START INFORMATION SHOWN

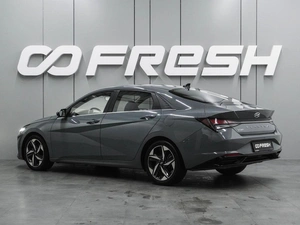 Седан Hyundai Elantra 2020 года, 1849000 рублей, Воронеж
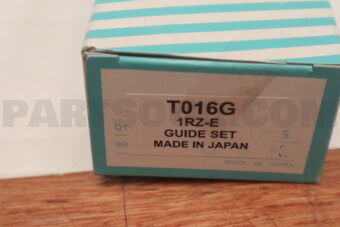 T016G CHAIN GUIDE SET  2TZ/1RZ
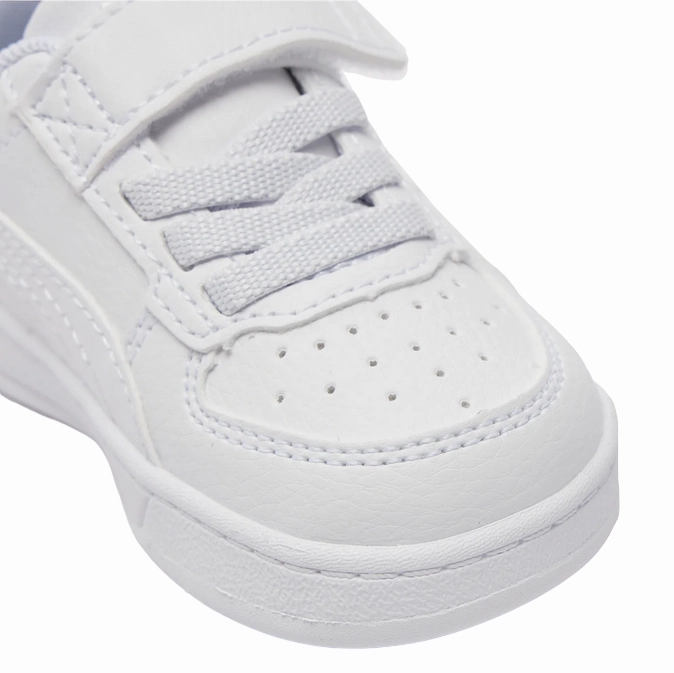 Puma scarpa sneakers da bambino Caven 2.0 393841-02 bianco Sneakers For Neuropathy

END INFORMATION SHOWN

WHAT IS REQUIRED:
Copy exactly the lines from the line that holds "T016G CHAIN GUIDE" to the end of the listing, both included. Leave the pictures out.

RESPONSE TO THE EXERCISE:
 T016G CHAIN GUIDE SET  2TZ/1RZ
 Puma scarpa sneakers da bambino Caven 2.0 393841-02 bianco Sneakers For Neuropathy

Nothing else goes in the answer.